The chip-making process is also concentrated in another way, one that alarms the countries arrayed against China, especially the United States. The largest supplier of the most sophisticated, cutting-edge chips is Morris Chang’s Taiwan Semiconductor Manufacturing Company (TSMC), which accounts for an estimated 92 percent of them. This is a vulnerability for the West, since TSMC’s facilities are located on an island 100 miles from the coast of Communist-controlled China that the Communist authorities claim they have the right to rule and for the conquest of which they have for decades made military preparations.

This makes Taiwan roughly comparable, for American foreign policy, to Saudi Arabia. Because the Saudi kingdom has the world’s largest readily accessible reserves of the oil on which the global economy depends, the United States has undertaken to protect it. Now, because of TSMC, in addition to defending a democracy threatened by a communist neighbor and protecting a country whose location in the Pacific Ocean makes it a major military asset in dealing with China, the United States has a third powerful incentive to keep Taiwan free of communist control: to assure the supply to the world of the most advanced integrated circuits. Because a Chinese assault that damaged TSMC would hurt China as well as the rest of the world, the People’s Republic is unlikely to target the Taiwanese chip company deliberately; but a war over the island could have that unintended effect.

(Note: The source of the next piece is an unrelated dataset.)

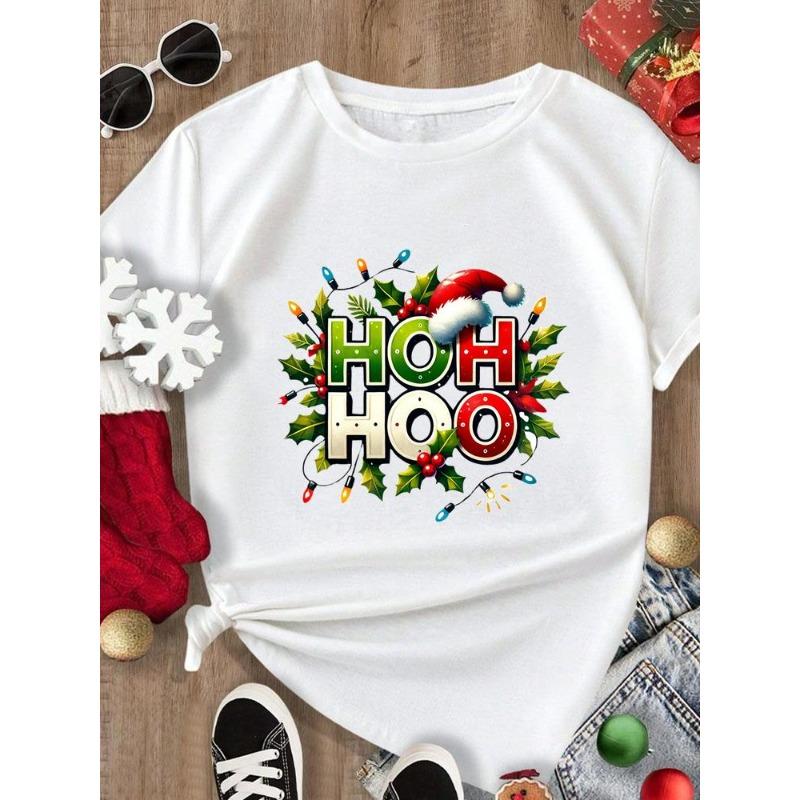 (European Size) Merry Christmas Tee New Year Holiday Top Festival Casual Tree Style Cute Women Print Lady Short Sleeve Fashion Graphic T-shirts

To insure against the possibility that Taiwan will cease to be a reliable source of chips, the American government has taken another step. Last year it appropriated funds to subsidize the building of fabrication plants in the United States that can produce the integrated circuits now made only by TSMC. Establishing a fab that can do what is done exclusively in Taiwan will be a lengthy and costly process–if indeed it can be done at all.

The main reason that chips have become part of the competition is that they have military uses, and have had them from the beginning. The early intercontinental ballistic missiles that the United States built and deployed incorporated integrated circuits. The Pentagon was once the American chip industry’s major customer. The devastating effectiveness in the first Persian Gulf War in 1991 of the American military’s precision guided munitions–which became known to the public as “smart bombs”–demonstrated the powerful impact that chips could have on warfare. Since then, the technology and its military as well as civilian applications have grown vastly more sophisticated and versatile.

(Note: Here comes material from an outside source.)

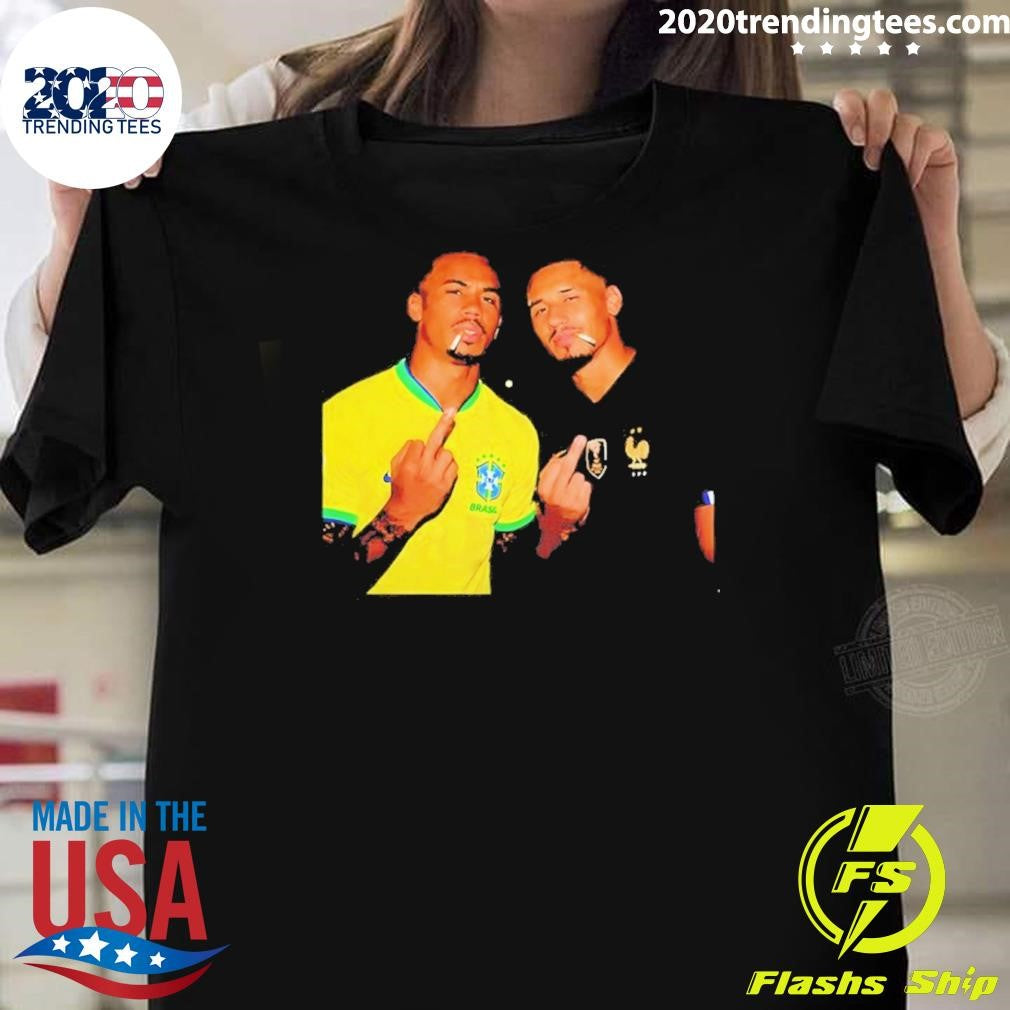 Gabriel Magalhães And William Saliba Smoking Middle Finger Meme Shirt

Specifically, the most advanced chips now make possible artificial intelligence, and weapons using it seem likely to dominate the battlefields of the future. Miller quotes an American official as saying of China that “everything we’re competing on in the twenty-first century . . . rests on the cornerstone of semiconductor mastery.” Based on that conviction, the American government adopted a policy in 2022 of barring the sale of the most advanced chips to China and preventing Americans from assisting the ongoing and massive Chinese effort to gain a military advantage by developing the capacity to make them.

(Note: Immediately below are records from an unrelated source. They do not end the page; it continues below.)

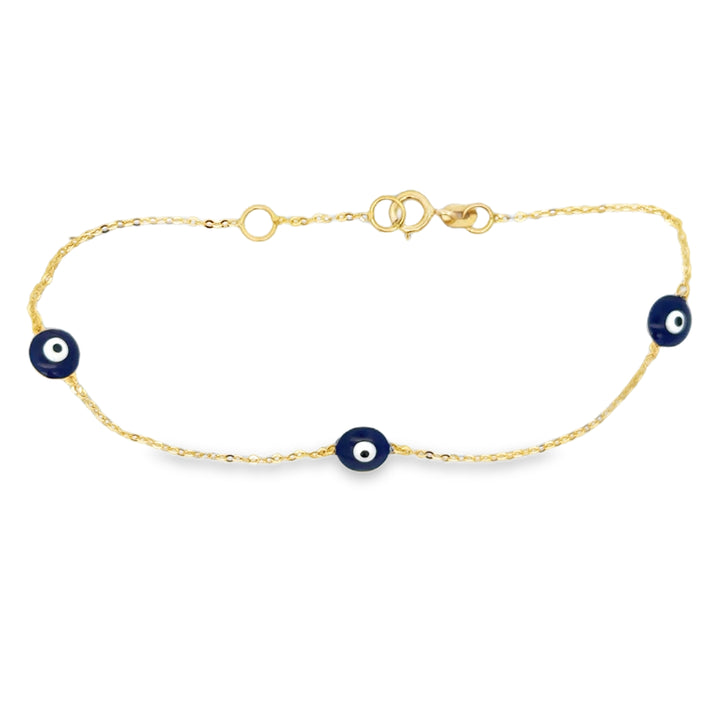 14K Yellow Gold Evil Eye Enamel Chain Bracelet – 7 1/4"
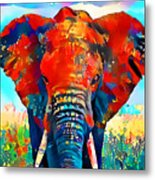 King Of Elephants In Vibrant Contemporary Art 20210715 Metal Print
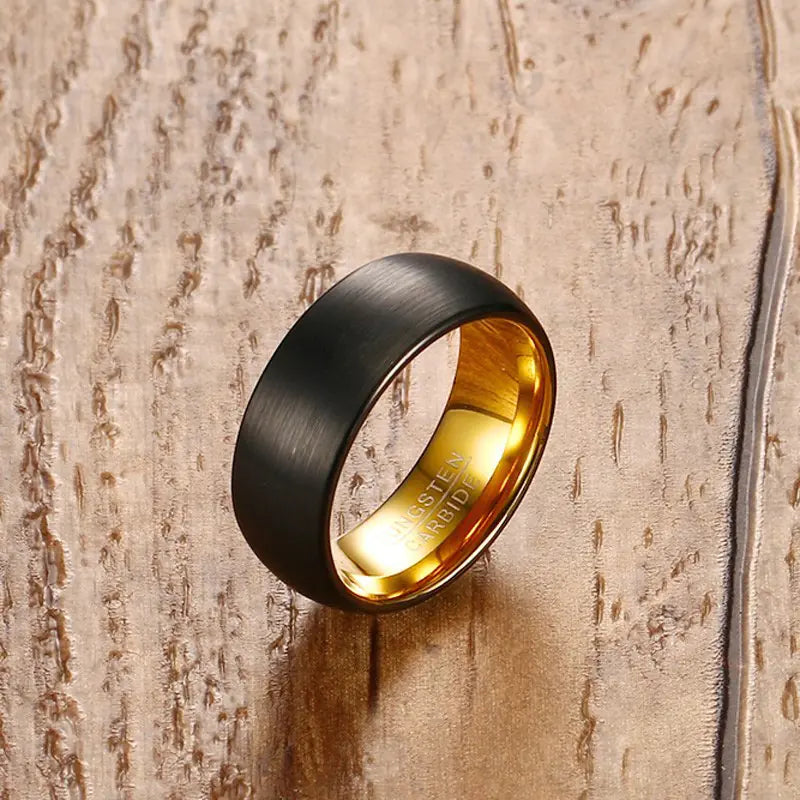 8MM Brushed Tungsten Ring for Men - Black and Gold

China’s chip-making campaign, which began well before last year, and the Western response to it, have placed chips at the forefront of the twenty-first century arms race. Silicon, the raw material for the chips on which the world runs, is abundant. The scarce and highly valuable component of the chip is not the silicon itself but the scientific and technical expertise that turns this common material into integrated circuits of extraordinary complexity. The competition to develop and retain that expertise will help to shape global politics in the years ahead.

Michael Mandelbaum is the Christian A. Herter professor emeritus of American Foreign Policy at the Johns Hopkins University School of Advanced International Studies, a member of the Editorial Board of American Purpose, and the author of The Four Ages of American Foreign Policy: Weak Power, Great Power, Superpower, Hyperpower, (2022).